This mechanism of being motivated by long held unconscious body memories of past experience has been called armouring, or ego or character. In a very real sense it shapes us. And it’s not just trauma that acts on us in this way. Any threat to the first four stages of Maslow’s hierarchy of needs, that is, our deficit needs result in major changes to the flow of energy through our system. We are conditioned by the trauma, illness, injury & disease, betrayal, rejection, deprival and disappointment, humiliation, failure and conflict. The list is endless and unavoidable.

Every human life initially so pure, so organic and whole is comprised by this conditioning handed to us, at first our family and then society at large of character or ego building; but as Mysan says, “we have issues in our tissues.” The conditioning carries an enormous cost. To be a part of the society in which we live, it’s not just that we have compromised our inherent organic purity we have systems in place that reinforce the conditioning.

The major insight of Freudian psychology was that people repeatedly “act out” in order to recreate situations and circumstances in which repressed or unconscious emotional responses seek appropriate expression and resolution. Put more simply I create situations in my life specifically designed to experience the feelings I deny. If I see repeated patterns in my life, it is because those emotions have not yet found resolution.

A teacher of mine years ago would say “if you listen to the whispers you don’t have to listen to screams.” This realisation has a profound impact on my response to the question, “what is motivating you right now?” I breathe into it.

Daily, week after week I have come back again and again to tweak that memory and others like it. What’s my motivation? My inner knowing (my soul if you like) knows that here is an opportunity for healing.

Here in saddle pose with my body freaking out, with my monkey mind yabbering way, if I can quieten breathe and feel into it, I have the opportunity to exorcise that ghost.

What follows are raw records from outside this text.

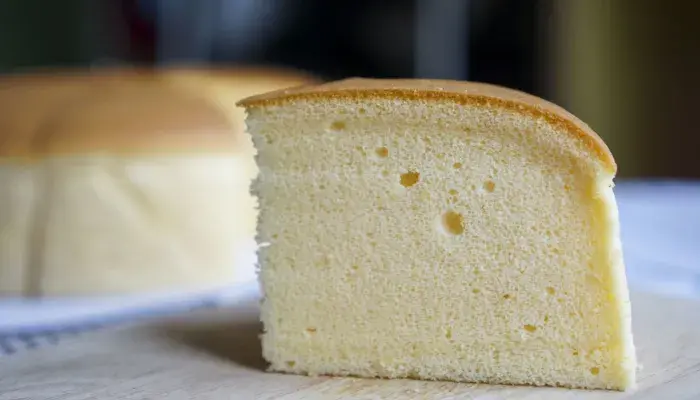 Pão de Ló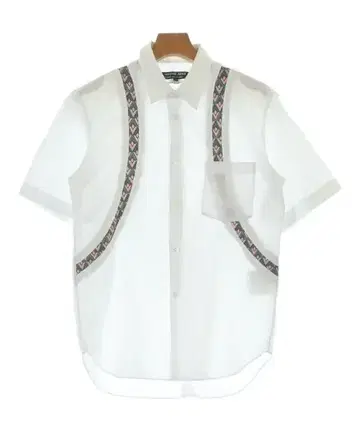 COMME des GARCONS HOMME DEUX 캐주얼 셔츠 남성용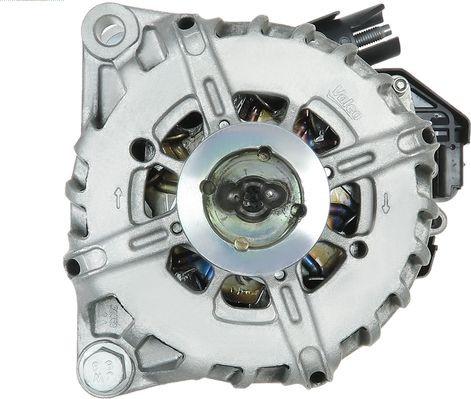 AS-PL A3585(VALEO) - Alternatore www.autoricambi360.it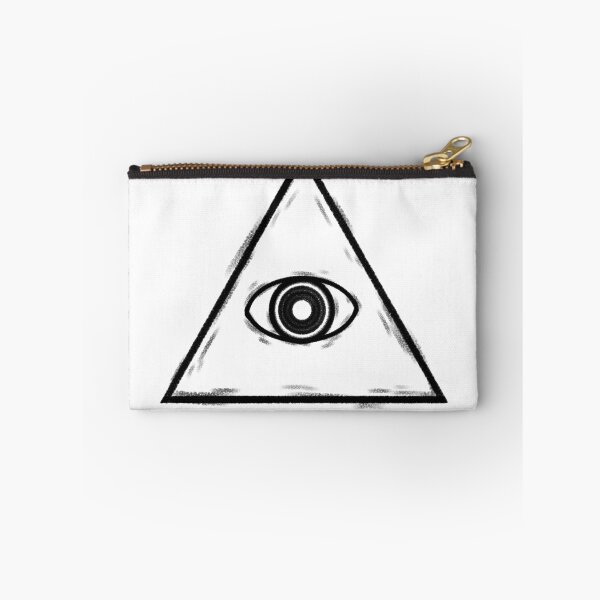 Item preview, Soulless Illuminati  designed and sold by -EyeClops-.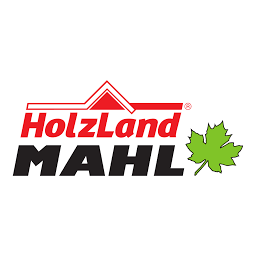 Holzland Mahl GmbH logo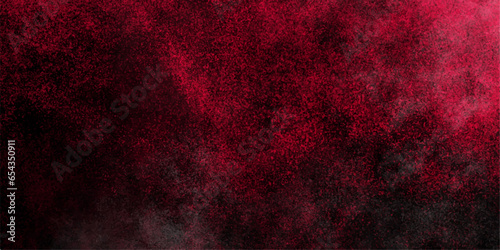 red and pink Smoke Background Abstract Colorful Smoke In Dark Background Abstract watercolour grunge texture background with smoke effect with fog clouds Background .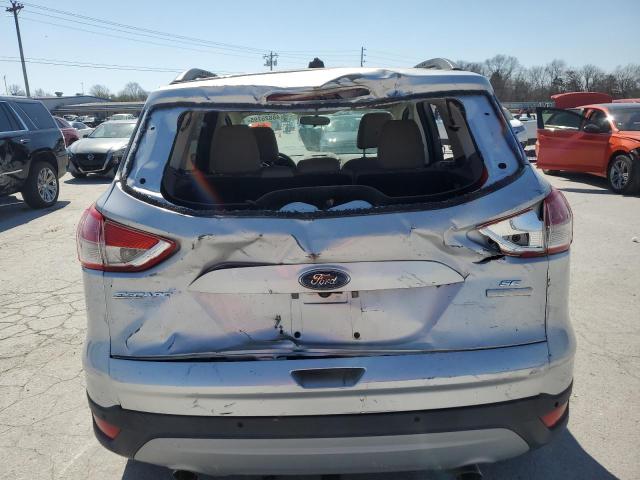 Снимка 6 от търг – 2016 FORD ESCAPE SE с VIN 1FMCU0GX0GUA80922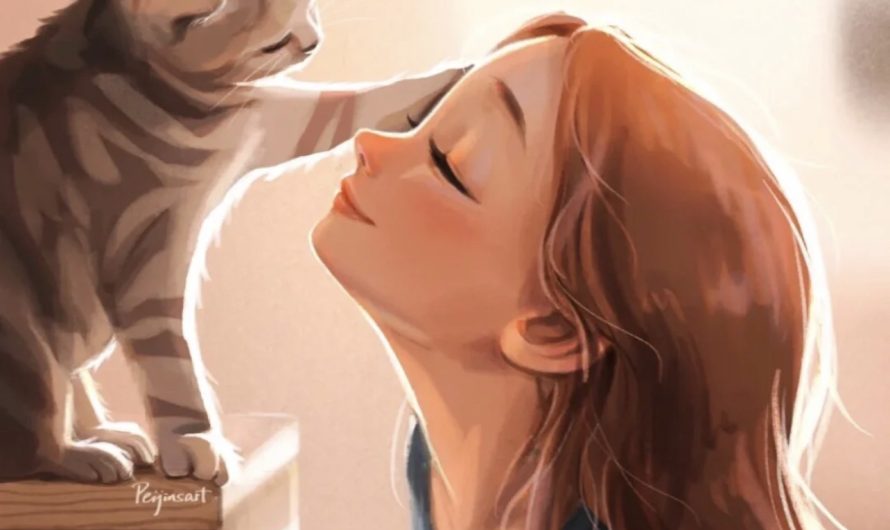 女生為什麼要努力賺錢?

Rather than recreating circumstances in my life that I frame in such a way as to re-experience the initial insult (in my case a number of betrayals that altered the shape of my life in ways that I deeply resented but are also associated with feels of great sadness and also lead to fear)

Svādhyāya:

a Sanskrit term which means “one’s own reading” and “self-study.”
And so 24 hours later I have my special opportunity in a private session with Nadia.

If five minutes of saddle identified the source of so much pain for me, twenty minutes allowed the space into which to go into it and work with it. Not to bore you with my personal process, the experience was cathartic. It confirms for me that the ultimate motivation for practicing yin yoga has something to do with self actualisation. The practice is to observe myself and see the way in which the conditioning from my personal experience of deficit needs are embodied in ways that impede or disrupt the flow of energy through my body.

“To begin self-study, it is necessary to divide oneself. You must learn to divide the real from the invented. [In this way] we understand what is not ourselves by analogy with what we know ourselves to be… the ultimate processes of the universe are feelings…”
– Peter Ouspensky from In Search of the Miraculous

How do I unbecome those conditioned responses that are not me, but are in truth memories and echoes of deficit needs from my past? When I want to scream No No No No No in saddle pose what comes to mind when I ask what motivates me is an experience in a relationship 35 years ago, and the ghost of suffering from that experience is haunting me. But my family history and 60 years of experiences just like that one are all shouting out, screaming no,no,no.

Now, I’ve been “working “on these issues in my tissues for the last thirty years. I’ve done countless workshops and notched up frequent flyer points in therapists’s chairs, but as Alan Watts tells us

Your body does not eliminate poisons by knowing their names. To try to control fear or depression or boredom by calling them names is to resort to superstition of trust in curses and invocations. It is so easy to see why this does not work. Obviously, we try to know, name, and define fear in order to make it “objective,” that is, separate it from “I”.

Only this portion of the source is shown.